Qualche anno fa, a Zagabria, un ex redattore del settimanale Feral Tribune, tra i pochi giornali critici nella Croazia postindipendenza, mi disse che il nazionalismo croato e quello serbo erano come i due ubriachi della barzelletta, che si appoggiano l’uno sull’altro per non crollare a terra. Quel paragone regge ancora. Al di là degli atteggiamenti più o meno sciovinisti di partiti, governi e leader politici, le brutalità dei conflitti degli anni novanta non hanno comunque cancellato i rapporti profondi – economici, culturali, familiari – tra le persone e i popoli dei Balcani.

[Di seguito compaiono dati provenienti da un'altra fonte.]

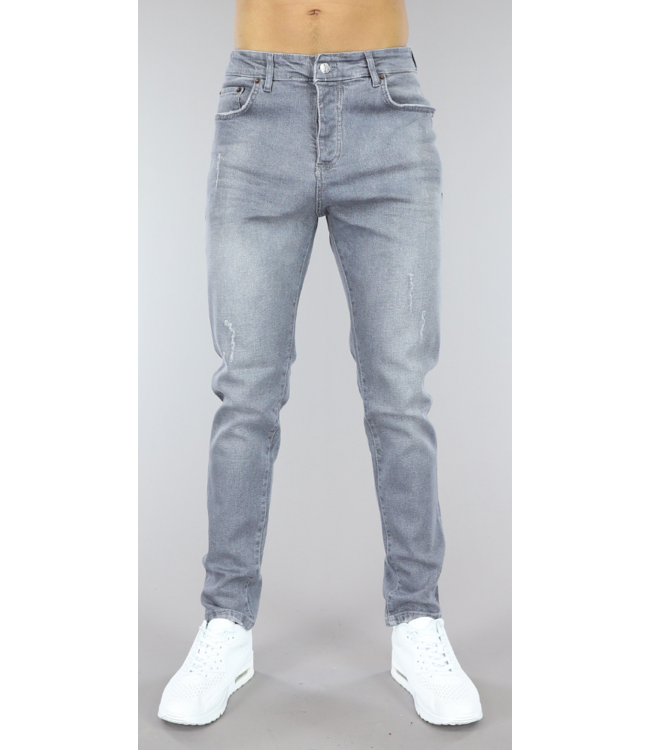 Lichtgrijze Heren Regular Fit Jeans met Ripped Details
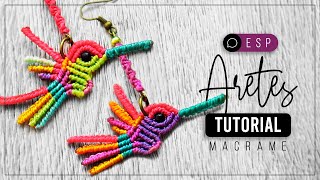 Aros Colibrí Reciclados » 🌈 tutorial  como hacer aros de hilo  diy ● Earrings 180 [upl. by Flemming]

Il giornalista dell’Economist Tim Judah ha coniato il termine Jugosfera, altri si sono limitati a parlare di inevitabili contatti economici, ma è evidente che i paesi dell’ex Jugoslavia sono ancora uniti da legami e intrecci che sono sopravvissuti ai nuovi confini tracciati vent’anni fa.

Nazioni e globalizzazione
La domanda che a questo punto diventa inevitabile è se lo stato-nazione oggi abbia ancora senso. Probabilmente nei prossimi mesi non assisteremo alla moltiplicazione di microstati e piccole patrie all’interno dell’Unione, come qualcuno aveva paventato dopo l’inizio della crisi catalana. Tuttavia è chiaro che lo stato-nazione, pur invocato da molti, a destra come a sinistra, è ormai svuotato di potere dalla globalizzazione e allo stesso tempo minacciato da spinte secessioniste e regionaliste.

Una risposta a questa crisi potrebbe essere la nascita di un’Europa federale e delle regioni, con le decisioni prese sempre più da organismi vicini ai cittadini. La strada è lunga e il progetto è tutto da costruire. Ma dei modelli utili e attuali possono essere rintracciati nelle esperienze multinazionali e multietniche dell’Europa del passato. Anche recuperando la storia controversa di paesi e stati che non esistono più.